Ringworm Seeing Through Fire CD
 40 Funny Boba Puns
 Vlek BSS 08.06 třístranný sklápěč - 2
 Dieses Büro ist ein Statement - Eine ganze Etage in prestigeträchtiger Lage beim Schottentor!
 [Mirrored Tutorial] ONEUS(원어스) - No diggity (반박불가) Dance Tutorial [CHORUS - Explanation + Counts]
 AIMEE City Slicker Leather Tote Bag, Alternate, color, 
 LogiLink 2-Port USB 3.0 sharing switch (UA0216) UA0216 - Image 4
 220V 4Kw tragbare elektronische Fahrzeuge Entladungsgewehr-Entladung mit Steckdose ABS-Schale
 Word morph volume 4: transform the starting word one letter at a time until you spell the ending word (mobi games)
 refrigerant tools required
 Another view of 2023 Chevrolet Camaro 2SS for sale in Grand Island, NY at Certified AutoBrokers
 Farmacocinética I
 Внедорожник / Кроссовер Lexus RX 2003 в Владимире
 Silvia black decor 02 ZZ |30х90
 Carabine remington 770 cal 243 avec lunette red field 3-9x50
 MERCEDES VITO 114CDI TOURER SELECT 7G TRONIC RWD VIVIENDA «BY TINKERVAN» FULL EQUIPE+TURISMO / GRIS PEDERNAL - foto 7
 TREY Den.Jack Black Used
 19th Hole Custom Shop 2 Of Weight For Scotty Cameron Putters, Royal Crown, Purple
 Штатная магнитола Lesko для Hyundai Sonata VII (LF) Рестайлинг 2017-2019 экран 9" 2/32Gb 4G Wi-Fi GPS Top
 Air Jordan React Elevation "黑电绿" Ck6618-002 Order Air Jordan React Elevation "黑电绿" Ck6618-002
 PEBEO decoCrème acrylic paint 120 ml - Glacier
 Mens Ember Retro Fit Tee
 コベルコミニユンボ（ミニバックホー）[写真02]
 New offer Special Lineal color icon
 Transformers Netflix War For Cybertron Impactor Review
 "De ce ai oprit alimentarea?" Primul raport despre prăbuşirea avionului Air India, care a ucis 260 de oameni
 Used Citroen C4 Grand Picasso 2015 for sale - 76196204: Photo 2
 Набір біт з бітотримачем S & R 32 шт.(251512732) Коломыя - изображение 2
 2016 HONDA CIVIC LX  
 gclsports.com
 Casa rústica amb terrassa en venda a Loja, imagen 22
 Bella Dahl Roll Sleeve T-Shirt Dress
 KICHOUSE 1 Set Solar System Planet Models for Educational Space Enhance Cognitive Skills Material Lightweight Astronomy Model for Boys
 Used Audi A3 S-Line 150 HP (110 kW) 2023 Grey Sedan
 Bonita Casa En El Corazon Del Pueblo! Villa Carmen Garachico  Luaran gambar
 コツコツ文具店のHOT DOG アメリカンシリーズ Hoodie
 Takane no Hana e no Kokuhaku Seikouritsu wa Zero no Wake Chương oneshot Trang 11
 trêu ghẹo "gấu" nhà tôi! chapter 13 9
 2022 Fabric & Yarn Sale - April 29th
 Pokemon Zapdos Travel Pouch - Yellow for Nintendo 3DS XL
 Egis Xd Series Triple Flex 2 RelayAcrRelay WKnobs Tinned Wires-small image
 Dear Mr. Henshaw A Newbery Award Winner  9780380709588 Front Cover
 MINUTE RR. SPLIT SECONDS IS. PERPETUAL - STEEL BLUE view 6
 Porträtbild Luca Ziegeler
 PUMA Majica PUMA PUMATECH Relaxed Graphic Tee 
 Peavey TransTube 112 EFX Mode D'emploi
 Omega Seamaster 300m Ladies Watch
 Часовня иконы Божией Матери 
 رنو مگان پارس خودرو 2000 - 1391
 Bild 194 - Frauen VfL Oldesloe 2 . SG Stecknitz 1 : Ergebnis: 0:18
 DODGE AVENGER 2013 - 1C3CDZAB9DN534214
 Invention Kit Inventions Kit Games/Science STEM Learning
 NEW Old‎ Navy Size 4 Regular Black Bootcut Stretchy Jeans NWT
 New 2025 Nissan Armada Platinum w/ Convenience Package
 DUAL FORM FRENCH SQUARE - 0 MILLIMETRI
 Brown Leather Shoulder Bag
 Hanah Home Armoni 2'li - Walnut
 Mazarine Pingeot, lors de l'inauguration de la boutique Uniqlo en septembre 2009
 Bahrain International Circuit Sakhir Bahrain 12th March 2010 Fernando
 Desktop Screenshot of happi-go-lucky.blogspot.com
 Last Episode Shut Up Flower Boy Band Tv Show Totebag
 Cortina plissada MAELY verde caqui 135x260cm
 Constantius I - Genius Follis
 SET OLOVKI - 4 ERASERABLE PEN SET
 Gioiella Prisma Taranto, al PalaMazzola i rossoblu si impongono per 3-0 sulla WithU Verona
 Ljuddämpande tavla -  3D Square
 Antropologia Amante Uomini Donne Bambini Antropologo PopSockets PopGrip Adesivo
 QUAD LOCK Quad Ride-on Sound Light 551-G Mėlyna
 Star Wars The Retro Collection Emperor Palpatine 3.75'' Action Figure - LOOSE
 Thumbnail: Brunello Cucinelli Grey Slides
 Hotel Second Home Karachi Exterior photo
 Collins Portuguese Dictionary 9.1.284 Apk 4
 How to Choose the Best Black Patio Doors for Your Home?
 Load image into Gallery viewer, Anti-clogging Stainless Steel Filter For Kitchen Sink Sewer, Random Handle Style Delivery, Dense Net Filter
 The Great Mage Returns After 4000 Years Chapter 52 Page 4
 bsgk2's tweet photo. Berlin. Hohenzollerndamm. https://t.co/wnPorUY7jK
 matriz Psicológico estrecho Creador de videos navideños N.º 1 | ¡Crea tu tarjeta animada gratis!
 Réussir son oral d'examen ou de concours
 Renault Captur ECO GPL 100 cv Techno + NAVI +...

#### YOUR GOAL
There is a run of lines above from the one with "Mazarine Pingeot, lors" to the one with "Constantius I - Genius Follis"; print exactly that run, both ends included, and nothing else.

#### COMPLETED TASK
 Mazarine Pingeot, lors de l'inauguration de la boutique Uniqlo en septembre 2009
 Bahrain International Circuit Sakhir Bahrain 12th March 2010 Fernando
 Desktop Screenshot of happi-go-lucky.blogspot.com
 Last Episode Shut Up Flower Boy Band Tv Show Totebag
 Cortina plissada MAELY verde caqui 135x260cm
 Constantius I - Genius Follis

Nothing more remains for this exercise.